Emmanuel David is an interdisciplinary scholar of gender, sexuality, and globalization. He is an associate professor of Women and Gender Studies at the University of Colorado Boulder, where he also serves as the co-director of the LGBTQ Studies Certificate Program. His recent research on gender and sexuality in the Philippines has focused on a wide range of topics, including global call centers, the politics of beauty pageants, sex work and militarism, and contemporary art and performance. He is currently working on a book project about Christine Jorgensen’s performance tour across Asia and the Pacific in the early 1960s.

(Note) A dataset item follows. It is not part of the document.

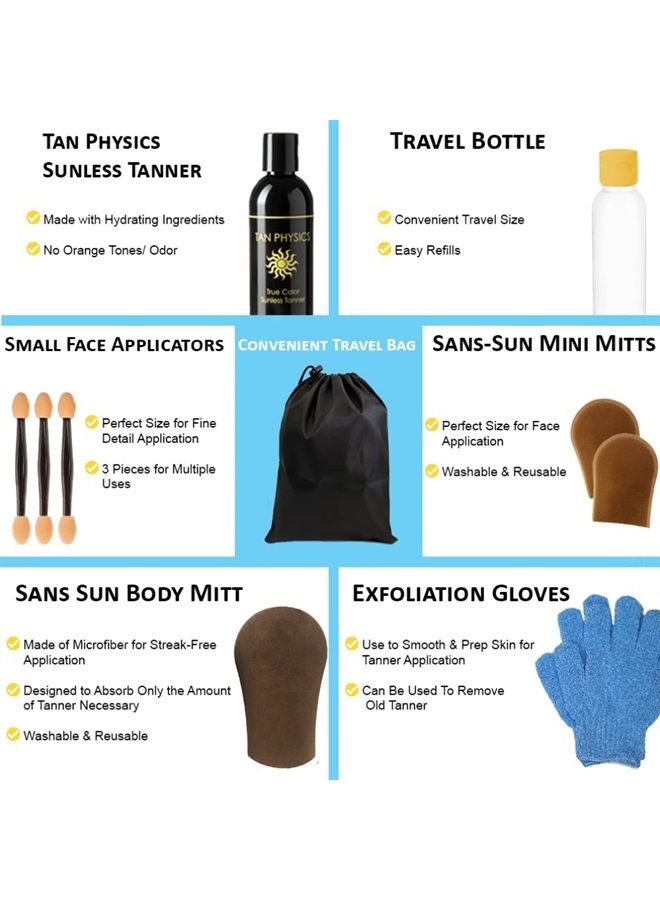 Tan Physics Self Tanner (11pc Deluxe Bundle) Tan Physics True Color Sunless Tanner - Travel Bag & Bottle, Gloves, Application Mitt & Detail Applicator  - Image 2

His previous work focused on the gendered dimensions of disaster. He is author of Women of the Storm: Civic Activism after Hurricane Katrina (University of Illinois Press, 2017) and editor (with Elaine Enarson) of the interdisciplinary anthology The Women of Katrina: How Gender, Race, and Class Matter in an American Disaster (Vanderbilt University Press, 2012).
His scholarship has appeared in ASAP/Journal, Feminist Formations, Gender & Society, GLQ: A Journal of Lesbian and Gay Studies, Radical History Review, Sexualities, TSQ: Transgender Studies Quarterly, Verge: Studies in Global Asias, and WSQ: Women’s Studies Quarterly.
At CU Boulder, he teaches Introduction to LGBT Studies; Women of Color & Activism; Gender, Race, and Class in a Global Context; Queer Theory; and Critical Inquiries in Transgender Studies. He is a recipient of CU Boulder's Best Should Teach Award for excellence in teaching.